With the emergence of electronic "market places," catalog syndication is gaining prominence. Each market place has its own way of dealing with catalogs. Some may have their own XML-based formats, some deal with catalogs in simple CSV (Comma Separated Value) format. In addition to syndicating catalog descriptions, you have to syndicate the pre-negotiated special prices for buyers and partners. For catalog syndication, there is an alphabet soup of emerging standards like cXML, xCBL, Rosettanet, eCX, OCF, and a whole bunch of proprietary formats. Unlike ICE, these standards are very specific in their description of the catalogs.

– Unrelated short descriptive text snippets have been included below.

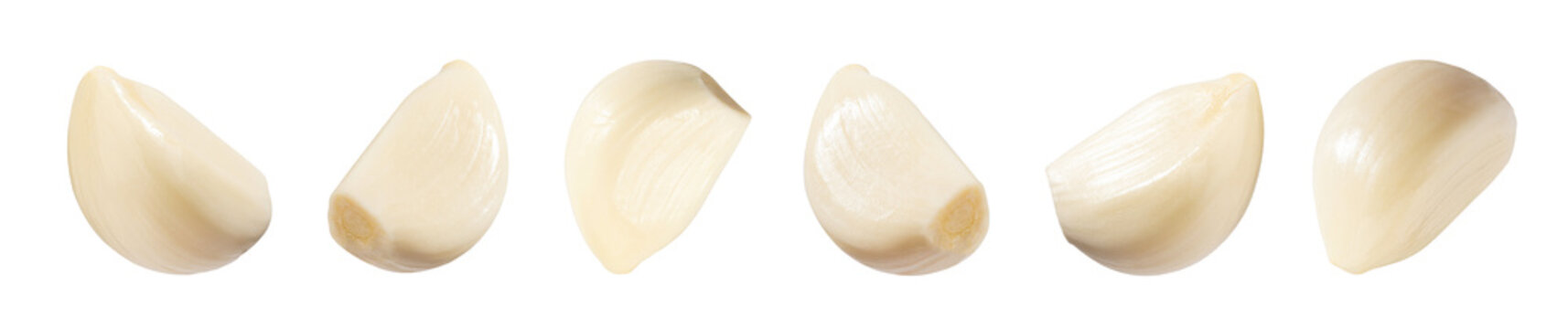 Falling peeled garlic cloves isolated on white background with clipping path. Food and spices objects for design. Spicy and fragrant seasoning concept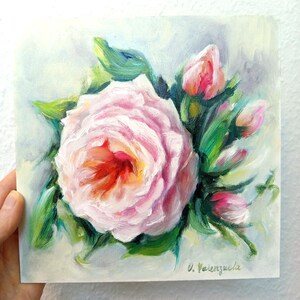 Könnte beinhalten: Ein Ölgemälde auf quadratischer Leinwand, das eine große, blühende blassrosa Rose mit einem tiefroten und gelben Zentrum zeigt, umgeben von mehreren kleineren rosa Rosenknospen und grünen Blättern. Die Signatur V. Valenzuela steht unten rechts.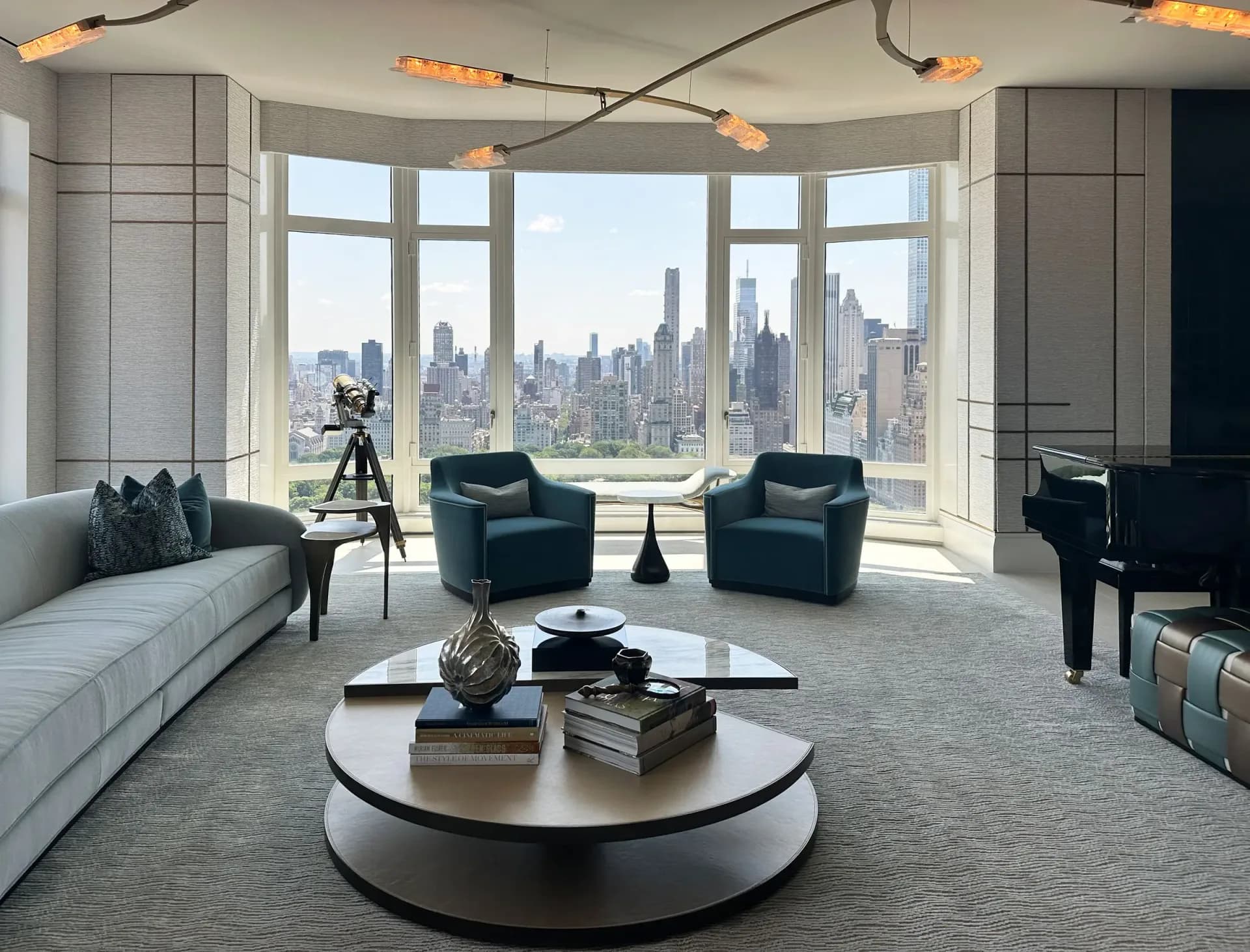Modern high-rise residential living room with curved white sofa, teal armchairs, and round marble coffee table overlooking Manhattan skyline by Archetype, LLC.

Features of a Good Syndication Solution

If you are looking for a vendor-supplied syndication solution, here is a check-list of features you should keep in mind:

  1. Adaptability: Support for easy integration with your content repositories like file systems, databases, or other content management systems.
  2. Multiple Protocols: Support for multiple transport protocols like HTTP, HTTPS, FTP, SMTP. And ability to add other protocols.
  3. XML Support: Native support for popular XML standards and support for "on the fly" XML transformations.
  4. Automation: Scheduling, or business-rule-based triggers. Support for both push and pull modes of delivery.
  5. Subscription Management: User-friendly GUI to create and maintain partner relationships. A browser-based UI will eliminate the need for installing client software.
  6. Scalability: Scale with the number of partners, amount of data moved, frequency of updates, number of concurrent deliveries.
  7. Efficiency: Send incremental updates to your content instead of sending all the content at every delivery.
  8. Security: Support for standard security features like firewalls, SSL, encryption, Virtual Private Networks (VPN).
  9. Reporting: A detailed log of every delivery for preparing business reports.
  10. Reliability: Retry delivery if your partner's server is down. Notify and log missed deliveries.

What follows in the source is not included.